When it comes to global effects and trends not even being rich can really safeguard you. But unlike the average Joe they have a lot more money and power to do something against it that will benefit everyone. And in the long term isn’t that good for business too?

Terra Cotta Woolpuller

Preppers have been around for centuries and there is no phenomenon in this , they will always feel a need to flee in any event , just a natural innate sense we all have flight as the other one is fight.

RichardD

I’m 59 myself, an American, and I have the years supply of food, guns, 4×4 and remote 40 acres in the western mountains paid for 10 miles off of the pavement. Once you’ve done that, it just becomes an asset to maintain and you go on with the rest of your life.

We live on a planet not yet in the interstellar age for it’s inhabitants, other than being visited. In a galaxy and universe that is probably full of life and beings with much longer life spans than our own. I’ve lived longer than I probably have left to live. Unless I get off planet and obtain better medical care. So that’s one of my priorities in life.

Bob

If you from US and have remote land ownership have a quick query. Is the US federal agency BLM actually as aggressive as they appear in these rancher stories over last few years – where these ranchers homes and cattle appear to have been subject to harassment by BLM set fires?

RichardD

I received a letter, from the Department of Agriculture if I remember, several years ago. And I sent them a response indicating that I wasn’t interested in participating in the program that the letter pertained to. And that was the last that I heard from them. And I’m OK with that.

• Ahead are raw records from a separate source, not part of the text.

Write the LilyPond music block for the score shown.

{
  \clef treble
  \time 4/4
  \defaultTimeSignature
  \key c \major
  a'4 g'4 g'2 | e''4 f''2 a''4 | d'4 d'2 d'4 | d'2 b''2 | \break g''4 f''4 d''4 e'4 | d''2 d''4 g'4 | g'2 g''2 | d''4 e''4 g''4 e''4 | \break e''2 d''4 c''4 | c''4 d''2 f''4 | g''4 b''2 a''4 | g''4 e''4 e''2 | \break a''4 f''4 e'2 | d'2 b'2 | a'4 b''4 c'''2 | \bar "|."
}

Most of the ranch controversy’s that I’ve read about, and I don’t have much involvement with ranching or ranchers, other than being a ranch land/remote rural residential land owner myself. My land is currently vacant, I just keep the taxes current. Is that they’re involved in federal programs to get money from the government. And there are disagreements that arise from that.

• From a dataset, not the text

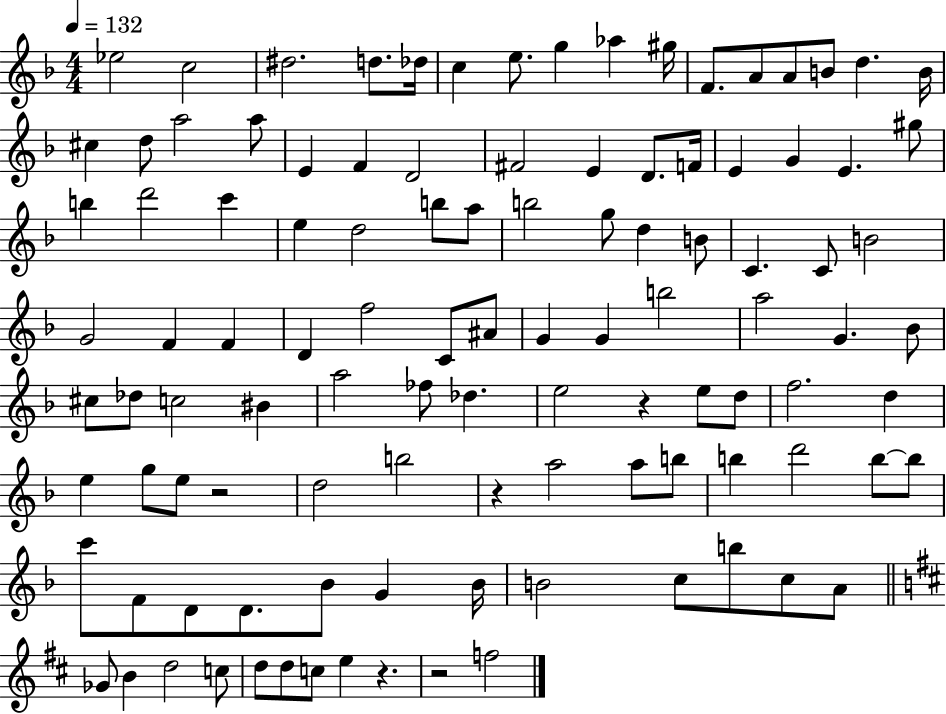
Eb5/h C5/h D#5/h. D5/e. Db5/s C5/q E5/e. G5/q Ab5/q G#5/s F4/e. A4/e A4/e B4/e D5/q. B4/s C#5/q D5/e A5/h A5/e E4/q F4/q D4/h F#4/h E4/q D4/e. F4/s E4/q G4/q E4/q. G#5/e B5/q D6/h C6/q E5/q D5/h B5/e A5/e B5/h G5/e D5/q B4/e C4/q. C4/e B4/h G4/h F4/q F4/q D4/q F5/h C4/e A#4/e G4/q G4/q B5/h A5/h G4/q. Bb4/e C#5/e Db5/e C5/h BIS4/q A5/h FES5/e Db5/q. E5/h R/q E5/e D5/e F5/h. D5/q E5/q G5/e E5/e R/h D5/h B5/h R/q A5/h A5/e B5/e B5/q D6/h B5/e B5/e C6/e F4/e D4/e D4/e. Bb4/e G4/q Bb4/s B4/h C5/e B5/e C5/e A4/e Gb4/e B4/q D5/h C5/e D5/e D5/e C5/e E5/q R/q. R/h F5/h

There are also activists that have issues with federal vs state vs county vs local rights. And what they feel are overreach on the part of the federal government. And that may also involve land owners who aren’t in federal programs to get money, but are being subjected to what they feel is federal overreach infringing on their rights from what I’ve read. So yes, I do think that there’s a problem. But I personally haven’t experienced any negative effects myself to date.

Bob

Thanks for your considered response. State rights vs federal rights is always an area with overlap and complex issues. It is very hard to get clear picture of those stories from overseas – not a lot of middle ground in the reporting – as MSM generally labels them crackpots and Alt media often labels them heroes.

Vitex

In the ruins of a burned Roman Villa were found pots of gold coins. Seems the hordes at the end of the Roman Empire didn’t want the money – they wanted food. Good luck outrunning that.

Vitex

I live in NZ. Have to say that running away to here is a fool’s errand. For one thing we’re closer to Fukushima than the ‘Muricans are. Deep irony that so many doomsday preppers seem to be Fat F&&ks who couldn’t walk for an hour. Once your 4x4s and guns are gone, you’re just (rather fatty) dead meat.

vintila cristian

don’t forget the templars; is very posible!